Steven Jackson, Business Reporter
Lascelles deMercado and Company has turned to the courts to compel the Financial Services Commission (FSC) to declare the amended hostile bid by Black Sand Acquisition Group as being non-compliant with the regulator's takeover rules.
The conglomerate's lawyers will argue that position before the Supreme Court starting October 10, a move that could potentially delay the Black Sand bid which is open to October 18.
Lascelles wants the court to instruct the FSC that a revised proposal issued by Black Sand earlier this month is still non-compliant. This, in turn, would require the issuance of a third proposal and consequently delay the release of the Lascelles directors' official response to the offer.
"In the interest of time we will take the FSC to court, but it was not our first choice," Lascelles company secretary Jane George told Wednesday Business in an interview Tuesday. The FSC regulates financial institutions and overseas mergers and takeovers.
"We are going to court on October 10 and the court will hear the arguments of non-compliance," George said.
Lascelles has been challenging the validity of the revised proposal made by Black Sand through an appeals tribunal at the FSC since last week.
Lascelles contends that Black Sand stilllacks proof of funding but the FSC viewed the revised proposal as compliant. The tribunal wrapped up Tuesday with both parties opting to hear arguments in court, according to George.
"The FSC wrote a letter to the FSC tribunal which brought up the point that the tribunal was not the proper place to hear these arguments," said George. Calls to FSC for clarity went unanswered up to press time.
George rejected the view that Lascelles was stalling the release of its official response to Black Sand.
"We already have a directors defence circular drafted," she said. "Lascelles is not trying to delay but we do not feel the offer is properly compliant."

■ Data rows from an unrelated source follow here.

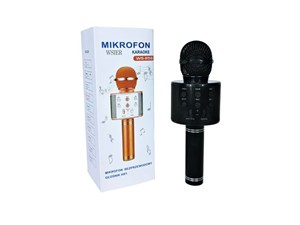 Picture of Mikrofon bezprzewodowy czarny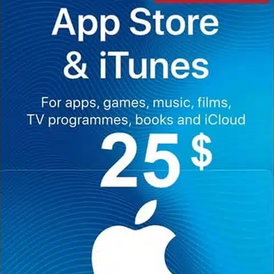 ITunes Gift Card 25$ (USA)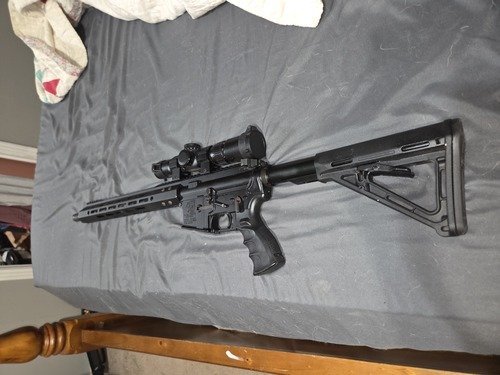 AR-15, 4 mags, case and 2300 rounds of 223&556 PENDING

The FSC previously set a September 21 deadline for the release of the directors' circular, according to the FSC notice.
Black Sand previously said it received equity commitments from a group of investors led by United States-based Octavian Special Master Fund LP and Kingston-based Pan-Jamaican Investment Trust. Wednesday Business estimates the offer at some US$370 million (J$31.9 billion), which amounts to roughly half the price paid to acquire Lascelles by the Trinidad-based CL Financial Group three years ago.
Lascelles said last month that the original Black Sand proposal was undervalued, lacked evidence of capital, and could strip the group of its profitable Appleton Rum brand. Consequently, it advised shareholders to hold on to their shares until further notice. Lascelles required Black Sand to submit an amended bid proposal in accordance with what it described as regulatory guidelines. Black Sand responded by clarifying that the 74.26 million Carreras shares held by Lascelles was not put up for sale as claimed, while extending the US$3.86 per share offer deadline initially by a month, from September 19 to October 18.
Black Sand, a group of investors led by former Lascelles managing director William McConnell, has bid for not less than 90 per cent of Lascelles' ordinary shares and 100 per cent of the two preference stocks. Black Sand said it intends to stabilise the operations of Lascelles and its subsidiaries.
The Trinidad government, through the bailed-out CL Financial Group, owns 87 per cent of Lascelles but controls 92 per cent of the voting rights.